Of all the known particles in the universe, only photons outnumber neutrinos. Despite their abundance, however, neutrinos are hard to catch and inspect, as they interact with matter only very weakly. About 1,000 trillion of the ghostly particles pass through your body every second—with nary a flinch from even a single atom.
Original story reprinted with permission from Quanta Magazine, an editorially independent publication of the Simons Foundation whose mission is to enhance public understanding of science by covering research developments and trends in mathematics and the physical and life sciences.
“The fact that they’re ubiquitous, yet we don’t even know what they weigh, is kind of crazy,” said Deborah Harris, a physicist at the Fermi National Accelerator Laboratory near Chicago and York University in Toronto.
Physicists have long tried to weigh the ghost. And in September, after 18 years of planning, building and calibrating, the Karlsruhe Tritium Neutrino (KATRIN) experiment in southwestern Germany announced its first results: It found that the neutrino can’t weigh more than 1.1 electron-volts (eV), or about one-five-hundred-thousandth the mass of the electron.
This initial estimate, from only one month’s worth of data, improves on previous measurements using similar techniques that placed the upper limit on the neutrino mass at 2 eV. As its data accrues, KATRIN aims to nail the actual mass rather than giving an upper bound.
Why Mass Matters
Mass is one of the most basic and important characteristics of fundamental particles. The neutrino is the only known particle whose mass remains a mystery. Measuring its mass would help point toward new laws of physics beyond the Standard Model, the remarkably successful yet incomplete description for how the universe’s known particles and forces interact. Its measured mass would also serve as a check on cosmologists’ theories for how the universe evolved.
“Depending on what the mass of the neutrino turns out to be, it may lead to very exciting times in cosmology,” said Diana Parno, a physicist at Carnegie Mellon University and a member of the KATRIN team.
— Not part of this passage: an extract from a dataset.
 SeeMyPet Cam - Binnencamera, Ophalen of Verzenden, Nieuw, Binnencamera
Until about two decades ago, neutrinos—which were theoretically predicted in 1930 and discovered in 1956—were presumed to be massless. “When I was in grad school, my textbooks all said neutrinos didn’t have mass,” Harris said.
That changed when, in a discovery that would win the 2015 Nobel Prize, physicists found that neutrinos could morph from one kind to another, oscillating between three “flavor” states: electron, muon and tau. These oscillations can only happen if neutrinos also have three possible mass states, where each flavor has distinct probabilities of being in each of the three mass states. The mass states travel through space differently, so by the time a neutrino goes from point A to point B, this mix of probabilities will have changed, and a detector could measure a different flavor.
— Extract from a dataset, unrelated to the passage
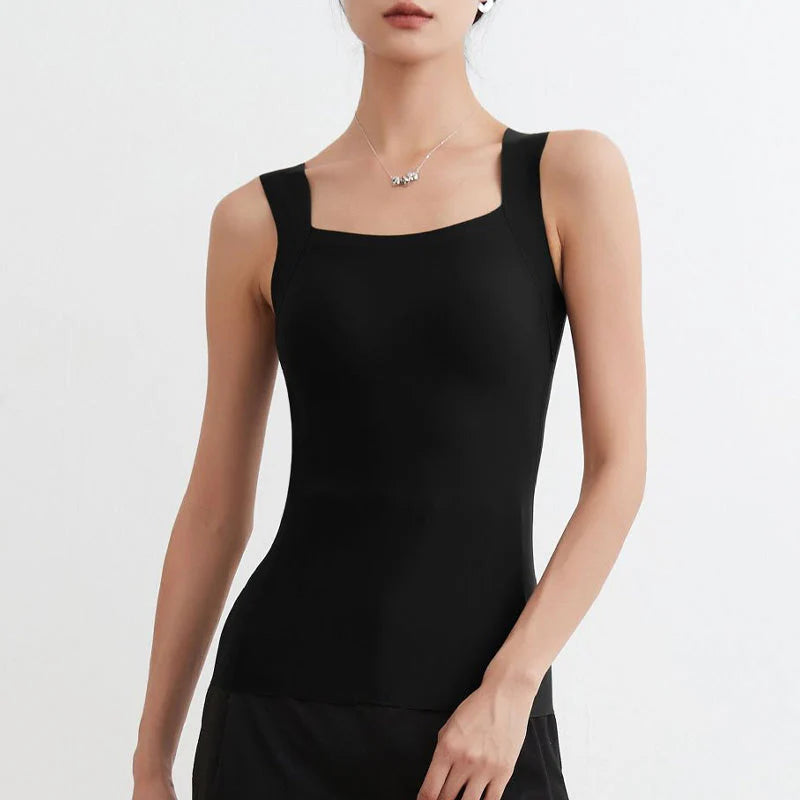 ElaraFlex™ Tank — Unleash All-Day Comfort and Confidence with Seamless Support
If there are three different mass states, then they can’t all be zero—thus, neutrinos have mass. According to recent neutrino oscillation data (which reveals the differences between the mass states rather than their actual values), if the lightest mass state is zero, the heaviest must be at least 0.0495 eV.
Still, that’s so light compared to the mass of other particles that physicists aren’t sure how neutrinos get such tiny masses. Other particles in the Standard Model acquire mass by interacting with the Higgs field, a field of energy that fills all space and drags on massive particles. But for neutrinos, “the mass is so small, you need some additional theory to explain that,” Parno said.
Figuring out how neutrinos acquire mass may resolve other, seemingly related mysteries, such as why there is more matter than antimatter in the universe. Competing theories for the mass-generating mechanism predict different values for the three mass states. While neutrino oscillation experiments have measured the differences between the mass states, experiments like KATRIN home in on a kind of average of the three. Combining the two types of measurements can reveal the value of each mass state, favoring certain theories of neutrino mass over others.
Cosmic Questions
Neutrino mass is also of cosmic importance. Despite their minuscule mass, so many neutrinos were born during the Big Bang that their collective gravity influenced how all the matter in the universe clumped together into stars and galaxies. About a second after the Big Bang, neutrinos were flying around at almost light speed—so fast that they escaped the gravitational pull of other matter. But then they started to slow, which enabled them to help corral atoms, stars and galaxies. The point at which neutrinos began to slow down depends on their mass. Heavier neutrinos would have decelerated sooner and helped make the universe clumpier.